The most impactful attack is based on the common flaw of simply not encrypting sensitive data, or when encrypting is employed, using weak key generation and management, weak algorithms, protocol and ciphers, especially for password hashing storage techniques. For data in transit, server side weaknesses are easy to detect, but hard for data at rest. Failure to encrypt (properly) can compromise all data which require protection as defined by laws or regulations such as the EU GDPR or local privacy laws.
A usual suspect can monitor network traffic, for example at an insecure wireless network, downgrade connection from HTTPS to HTTP, intercept requests, and steal the user’s session cookie. The attacker can then replay this cookie and can hijack a user’s (authenticated) session, accessing or modifying the user’s private data or alter all transported data. This means he or she can learn all of the queries without any threat of retribution.
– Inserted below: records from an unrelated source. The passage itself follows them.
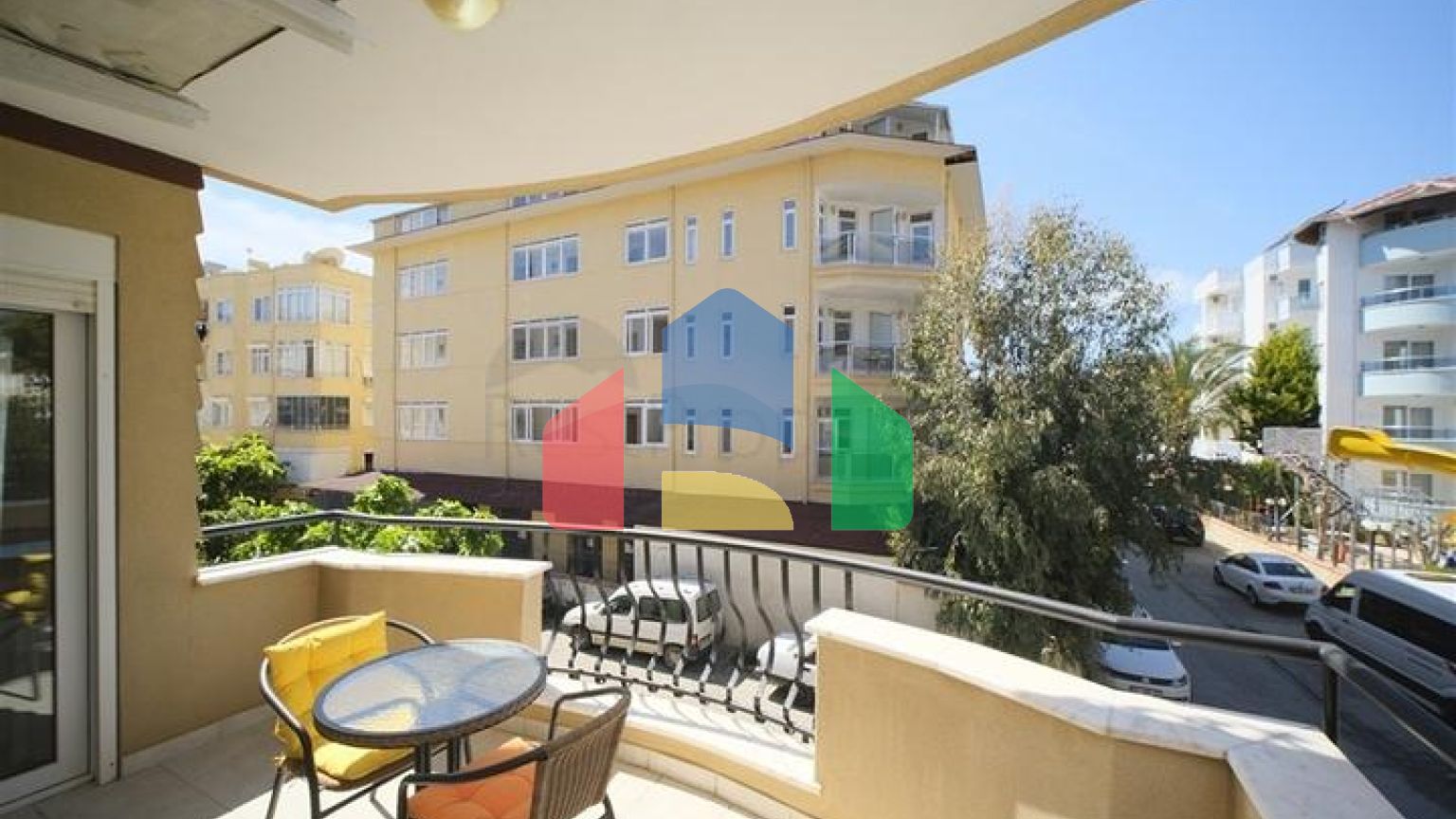 Трёхкомнатная квартира 2+1 в районе Оба рядом с городской инфраструктурой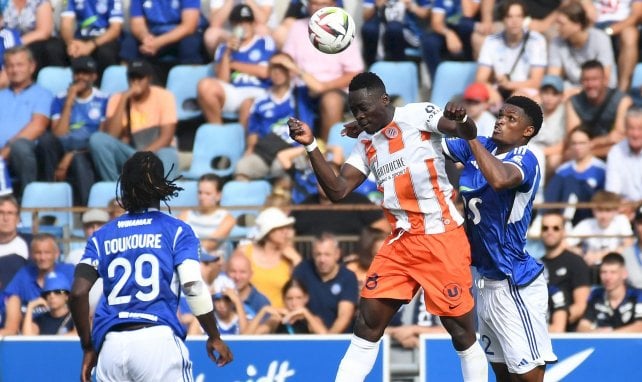 Akor Adams vom HSC Montpellier beim Kopfball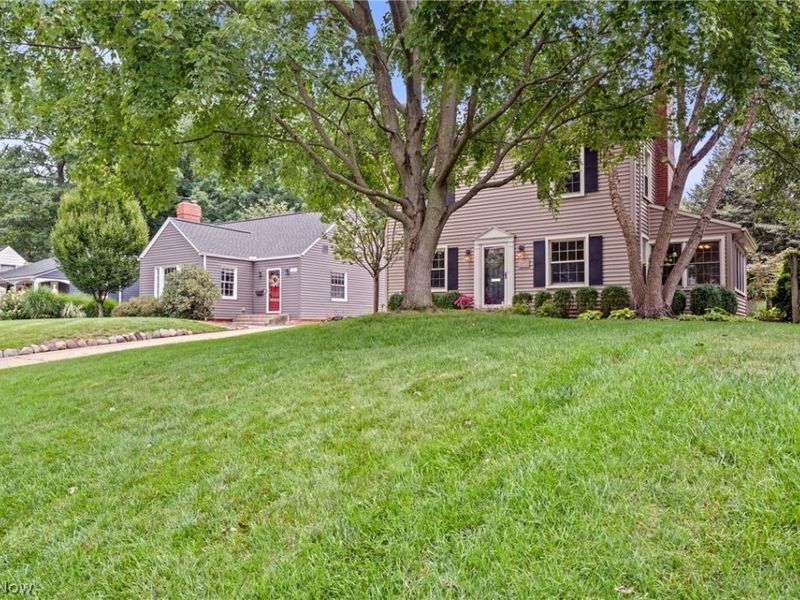 225 Melbourne Avenue, Akron, OH 44313 Photo 3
See Network attacks and Application hacking.
Known mitigations
A possible solution has been proposed by Yehuda Lindell and Erez Waisbard, in the form of a highly efficient cryptographic protocol for parties to mix their inputs that guarantees privacy in the presence of malicious adversaries. Unlike the usual setting of mixnets, in this solution the parties themselves carry out the mix. The novelty of the approach is based on the observation that, unlike the setting of voting where mixnets are usually applied, the guarantee of correctness is not necessary for private web search. That is, a malicious participant is allowed to carry out a “denial of service” type attack, causing the search to fail. In return, the expensive zero-knowledge proofs of correctness in every stage of the mix can be omitted, making it faster than the known mixnet solutions.
Data controller
Classify data processed, stored or transmitted. Identify which data is sensitive according to privacy laws or regulatory requirements and apply controls as per the classification.
Do not store sensitive data unnecessarily in the indexes or dictionaries. Discard it as soon as possible or use PCI DSS compliant tokenisation or even truncation. Data that is not retained cannot be stolen.
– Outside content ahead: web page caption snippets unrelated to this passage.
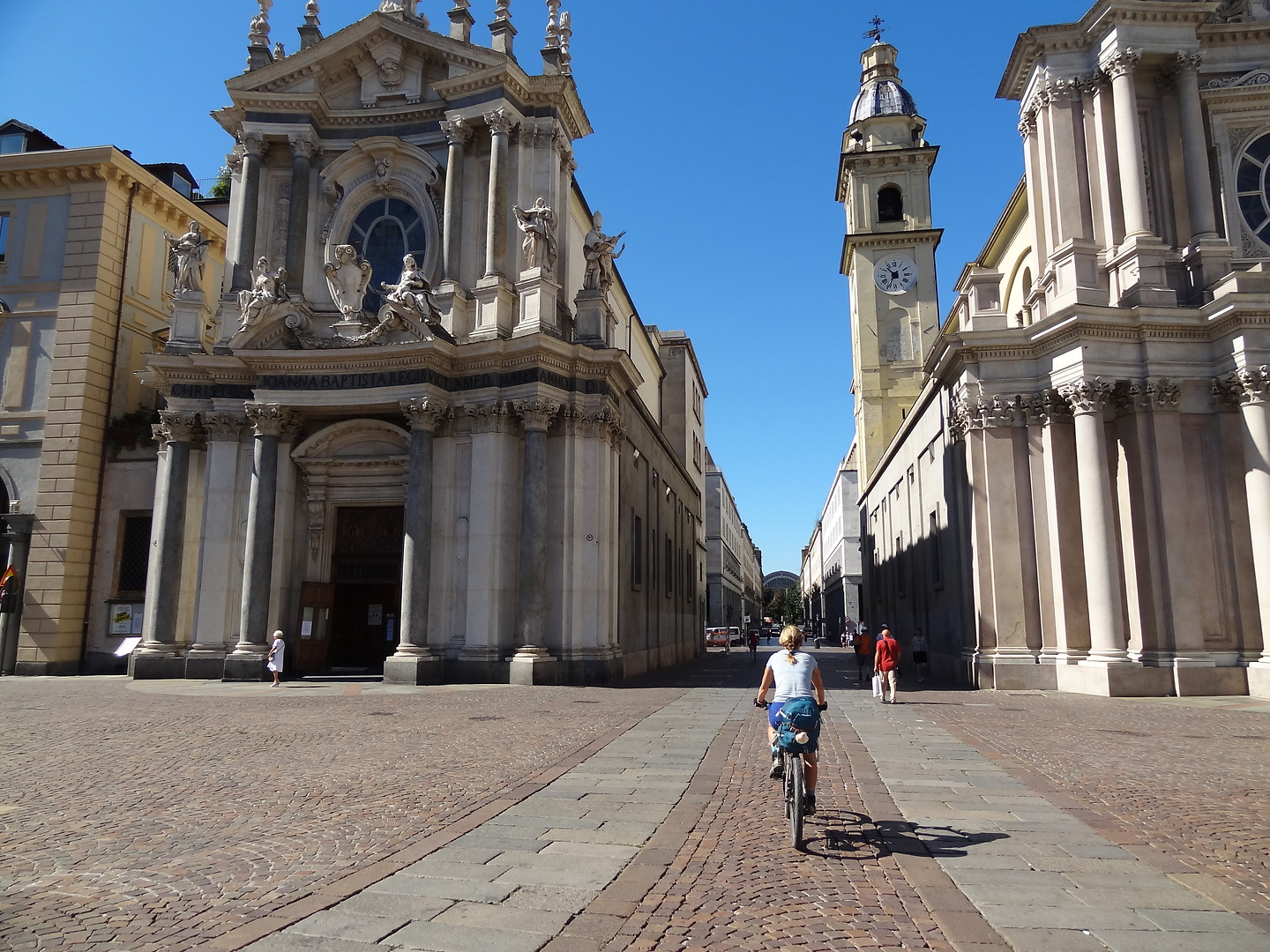 turin-plaza2.jpg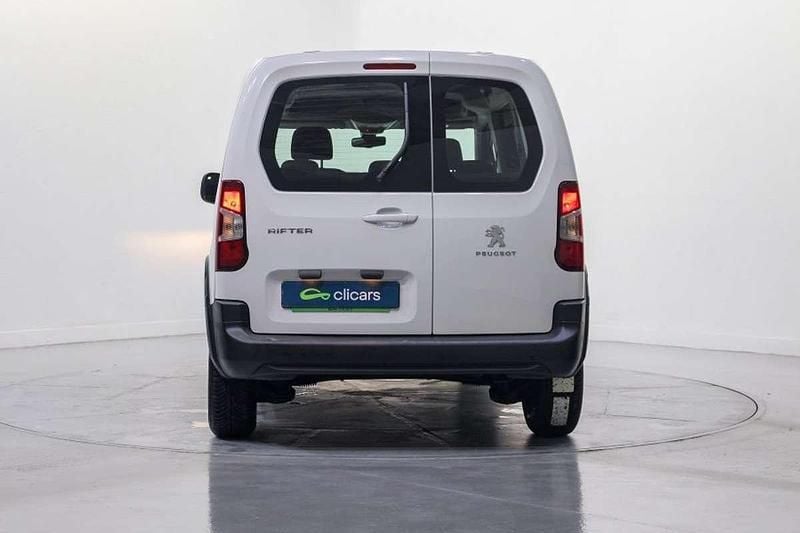 Usado Peugeot Rifter Active 102 CV (75 kW) 2022 Blanco Monovolumen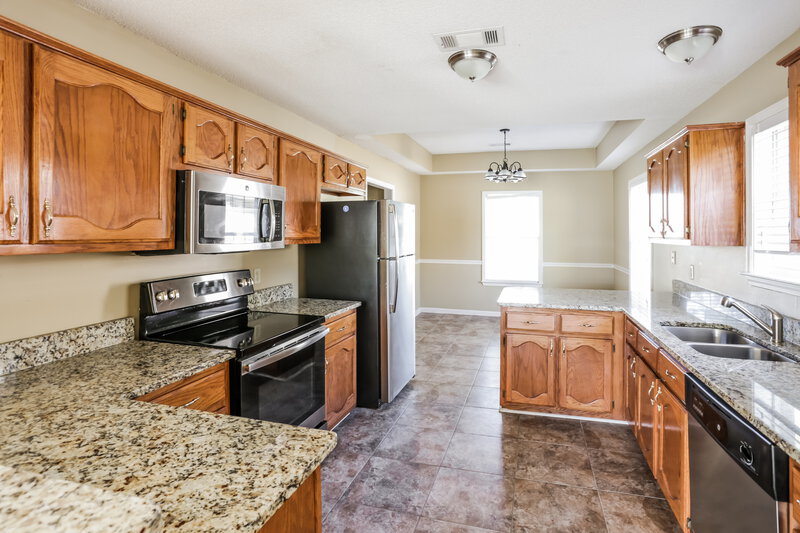 1,980/Mo, 6281 Lake View Cove Bartlett, TN 38135 Kitchen View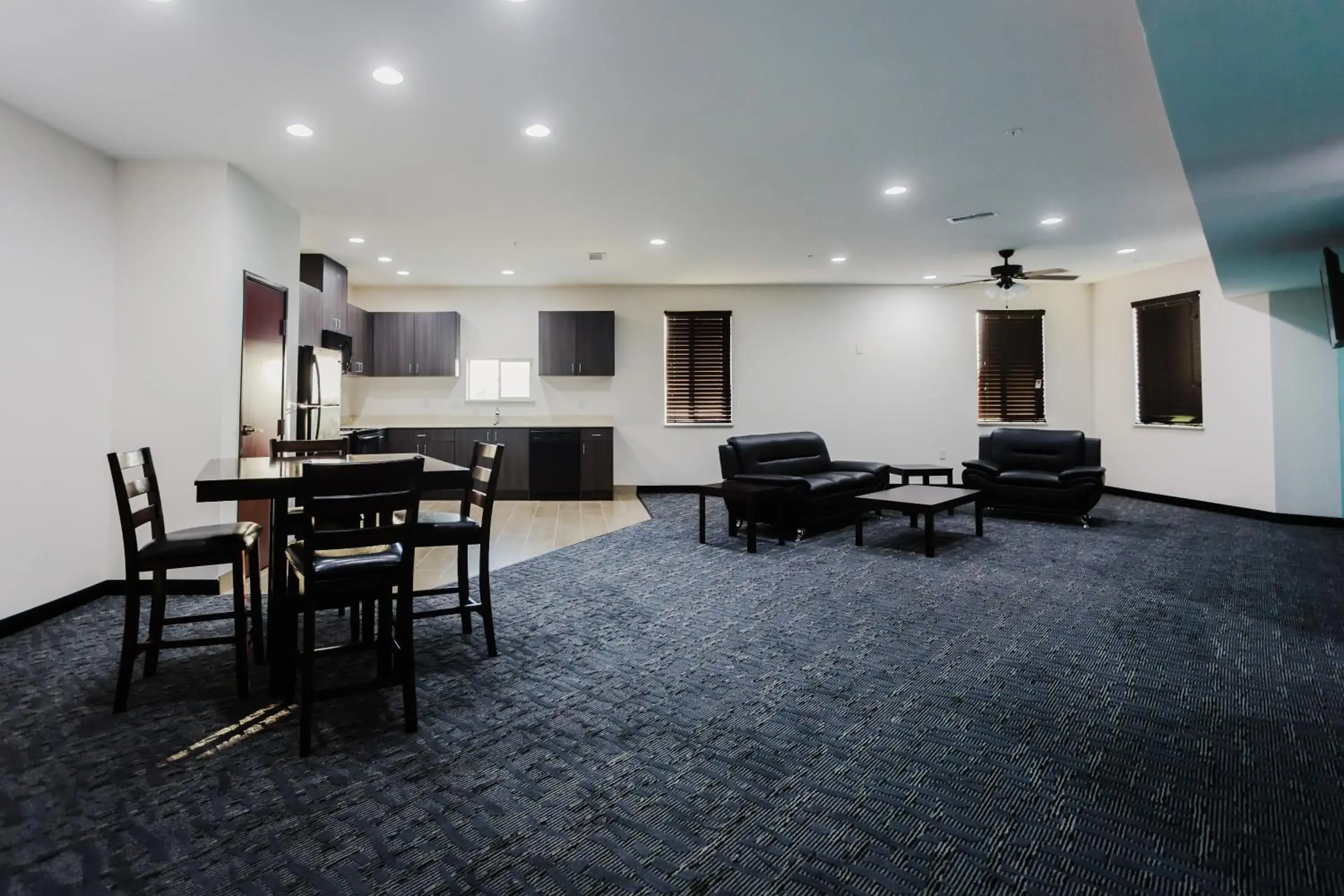 Living room, Seating Area in Palacio Royale Inn Boutique Katy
Encrypt all sensitive data at rest.
Use up-to-date and strong standard algorithms, protocols, and keys, and use proper key management.
Encrypt all data in transit with secure protocols.
Disable caching for responses that contain sensitive data.
Store passwords using strong adaptive and salted hashing functions with a work factor (delay factor), such as Argon2, scrypt, bcrypt or PBKDF2.
Audit the effectiveness of configuration and settings.